Exclusif
Pour les femmes rien ne sera jamais pareil.
Publié le par Journal du Luxe
Le Club des Chroniqueurs du Journal du Luxe présente en exclusivité la nouvelle chronique de Jeanne Bordeau, linguiste, véritable détectrice de tendances sur ce que le langage nous raconte du luxe.
Depuis que je compose des tableaux artistiques de mots en puisant dans des milliers de pages de journaux, j’ai vu l’univers lexical de la femme évoluer. En effet, il n’y pas si longtemps les sujets féminins étaient reliés à la beauté, au quotidien, à des sujets de société légers, aux bons plans et à une consommation non réfléchie. Mais, et tant mieux, « la génération Yoga » a cédé sa place au « #metoo » et au « ras le viol » ! Plus rien ne sera jamais pareil, même pour le luxe.
Le féminin change de dimension et cela change le luxe.
« Féminicide » sera donc l’un des mots de 2019. Avec près de « 149 »femmes mortes à cause de « violences conjugales ». Le 3 septembre, « Marlène Schiappa », la « Secrétaire d’Etat chargée de L’Égalité entre les femmes et les hommes » préside « Un Grenelle des violences conjugales ». Les femmes revendiquent parallèlement la nécessité de « dégenrer ». Dire stop aux carcans des sexes. Le préfixe « trans » est l’un des préfixes de l’année. La question du « transgenre » et de son acceptation fait chavirer une vision trop rose bonbon de la Femme.
On entre donc dans la société « Post MeToo », on en a assez d’un monde « pensé pour les hommes ». La « Cheffe » prend le pouvoir. Oui, l’égalité c’est tout de suite et maintenant : « le féminisme je veux tout » se répand. Et, cette égalité se traduit même par une nouvelle liberté : « avec la loi bioéthique, le père devient optionnel ». Les hommes, eux, se cherchent entre « masculinisme » et « mâle de vivre ». Une autre mode et un luxe responsable ne peuvent que naître de ces bouleversements.
Des figures et des engagements.
Des femmes inspirantes ? Oui, de « Elisabeth II l’insubmersible » à l’actrice « Saoirse Ronan ». Et, il ne faudrait pas oublier le classicisme de « Christine Lagarde » ou « Ursula von der Leyen » à la tête de la Commission Européenne. A propos d’engagement, puisqu’il faut « aimer son âge », il convient de prendre soin de soi avec une « beauté engagée », une « clean beauty », un « écoféminisme ».
Et il convient aussi de respecter « l’écologie cutanée » c’est-à-dire la qualité de vie de sa peau.
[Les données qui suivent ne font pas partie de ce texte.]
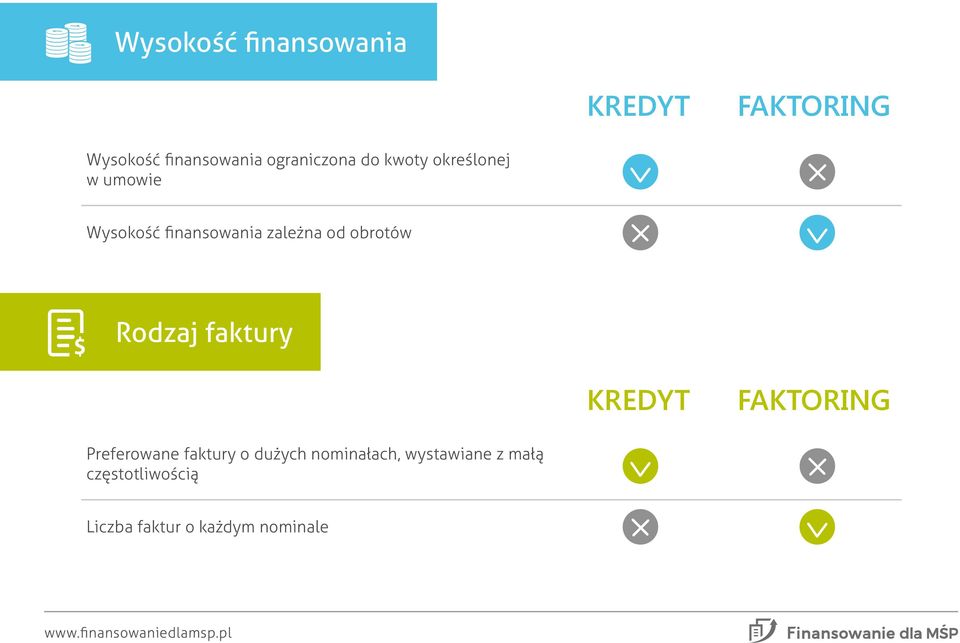 obrotów Rodzaj faktury Preferowane faktury o dużych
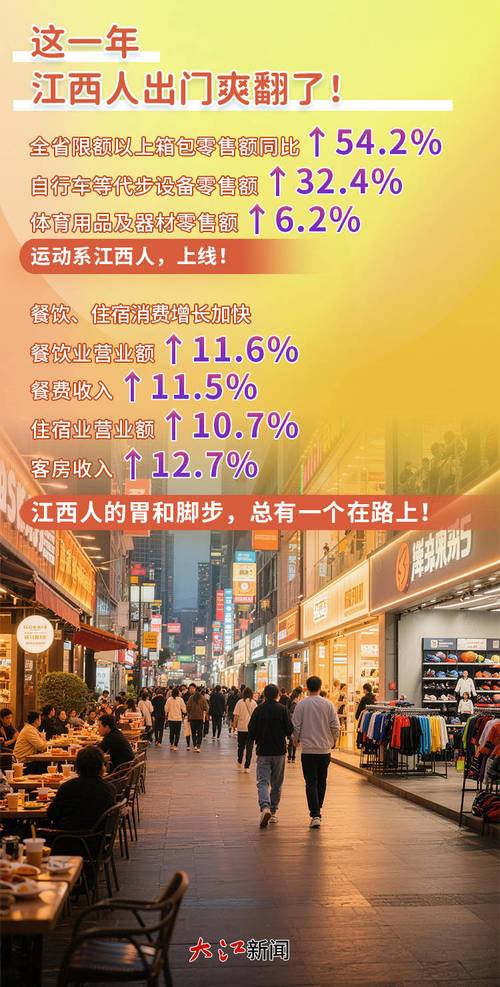 2025年江西旅游收入-第1张图片-花冠旅游服务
Evidemment pour s’habiller, on privilégiera la « mode green ». « Le luxe responsable » s’impose : déjà depuis 2012 LVMH s’est engagé avec son « programme Life » pour préserver les ressources. Dior convoque même un décor formé par une forêt d’arbres pour sa « semaine de présentation des collections de prêt-à-porter printemps-été 2020 » à Paris. Hermès annonce dans un manifeste sa volonté de faire un « usage pérenne et raisonné des ressources de la planète ». Le « green » n’est pas l’apanage du néo luxe. Le respect des matières sources et de l’économie circulaire n’est plus un luxe pour les Maisons, qu’elles soient nouvelles ou riche d’une histoire longue. On est responsable, on incarne un « luxe véritablement responsable ».
Universellement engagé.
C’est une parole mondiale qui s’installe sur tous les continents. Une parole au féminin lucide. Si Courbet séduit ses adeptes, c’est également parce qu’il clame haut et fort sa posture de « joaillier écologique ». Même les bâches publicitaires géantes peuvent devenir accessoires de mode, comme l’illustre l’histoire des sacs upcyclés Bilum.
Le beau va-t-il devenir universel ? De Tokyo à Los Angeles, de Londres au Cap, la beauté d’un article luxueux s’appréciera-t-elle selon son style et le soin qu’elle apporte à l’humain et à la nature. Plus ne sera jamais pareil pour la Femme : en éveil face aux défis de la modernité, elle ne veut plus d’un luxe qui oublierait d’être militant.
Jeanne Bordeau, « Les Chroniques de Madame Langage ».